--- The data Enclosed Below ---
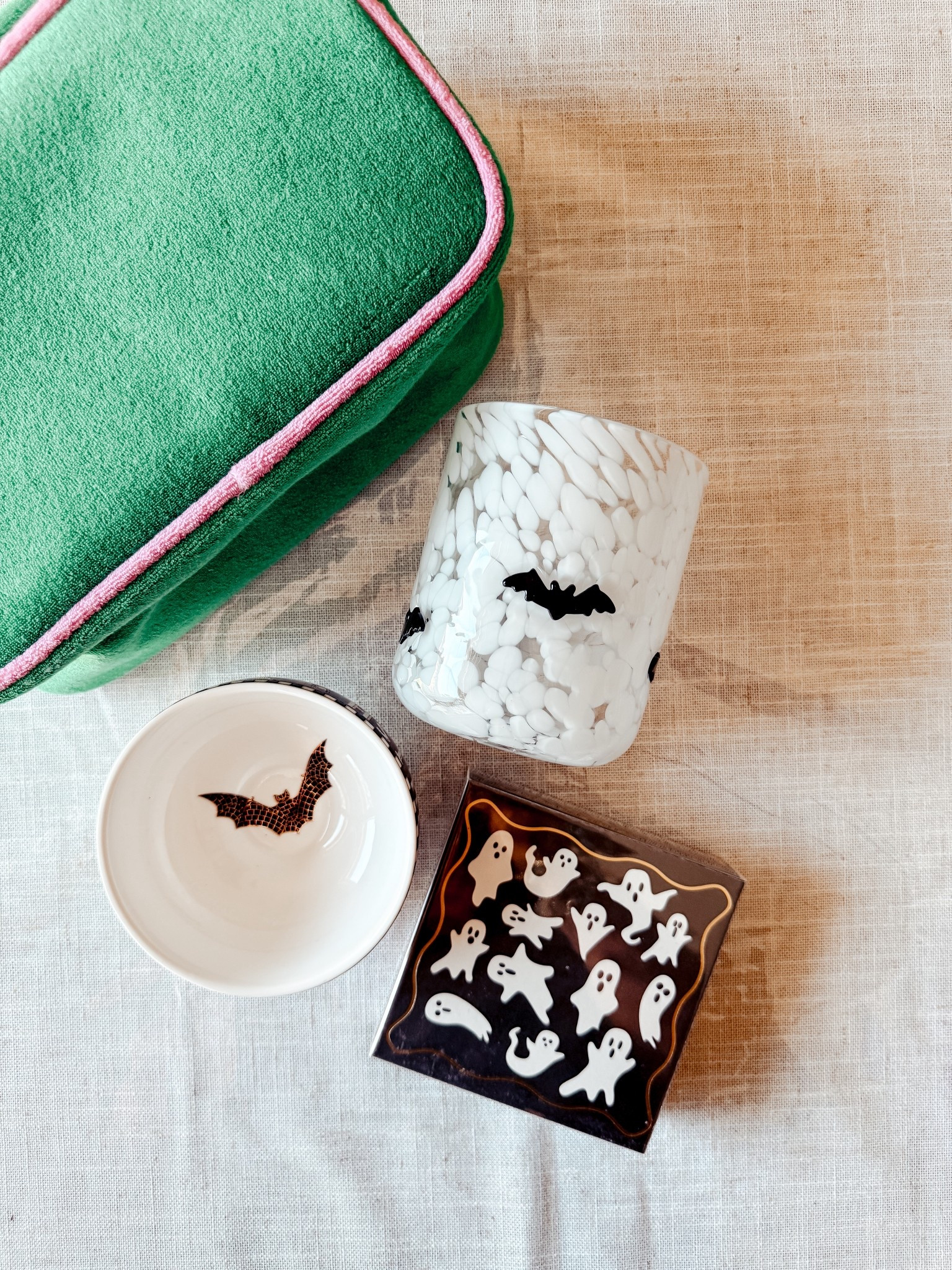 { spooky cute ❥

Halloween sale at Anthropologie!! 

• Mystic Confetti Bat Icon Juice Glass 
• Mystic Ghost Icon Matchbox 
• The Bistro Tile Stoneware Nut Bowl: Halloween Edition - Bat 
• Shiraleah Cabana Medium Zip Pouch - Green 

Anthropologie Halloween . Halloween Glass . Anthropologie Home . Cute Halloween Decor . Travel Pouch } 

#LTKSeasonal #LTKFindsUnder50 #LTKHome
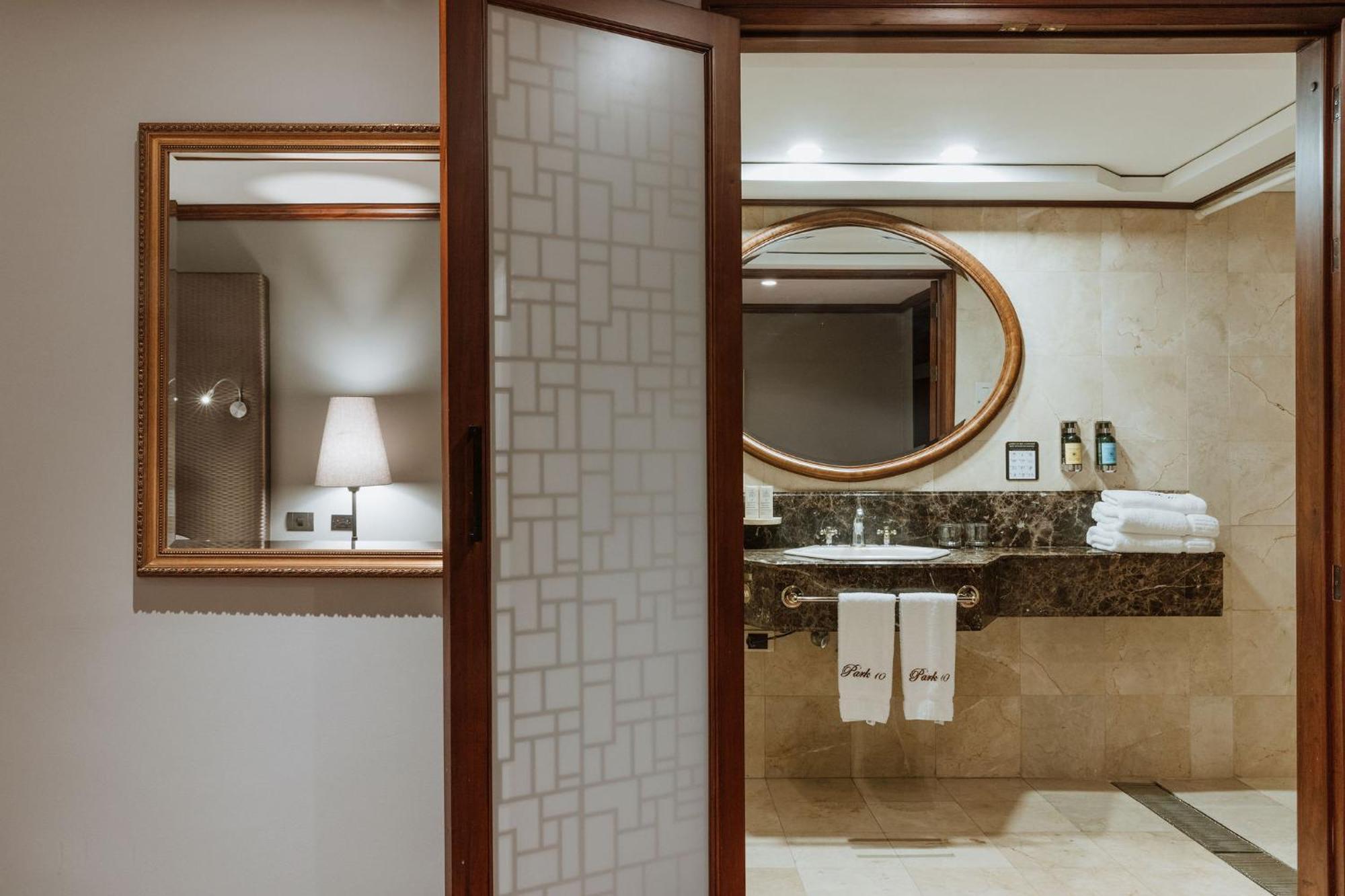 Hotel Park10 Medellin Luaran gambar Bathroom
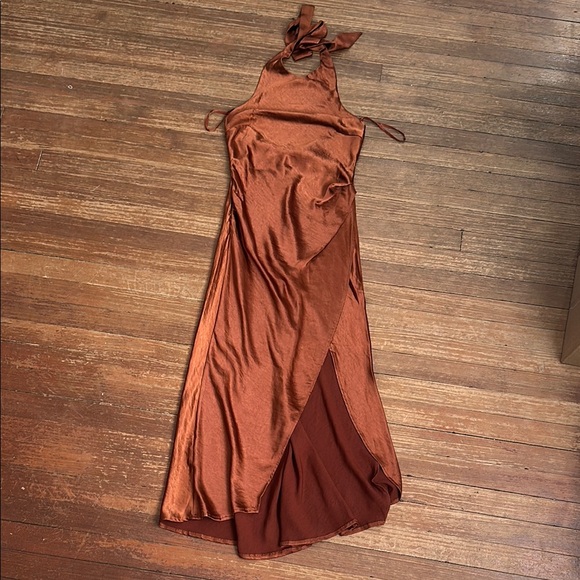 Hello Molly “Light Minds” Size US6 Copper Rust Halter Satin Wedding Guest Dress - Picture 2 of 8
--- End of Enclosed The data ---
**Action item:**
Copy the final stretch of lines, starting at the one that holds "Hotel Park10 Medellin Luaran gambar Bathroom" and ending at the last line of the data, exactly; omit pictures.

**Response below:**
 Hotel Park10 Medellin Luaran gambar Bathroom
 Hello Molly “Light Minds” Size US6 Copper Rust Halter Satin Wedding Guest Dress - Picture 2 of 8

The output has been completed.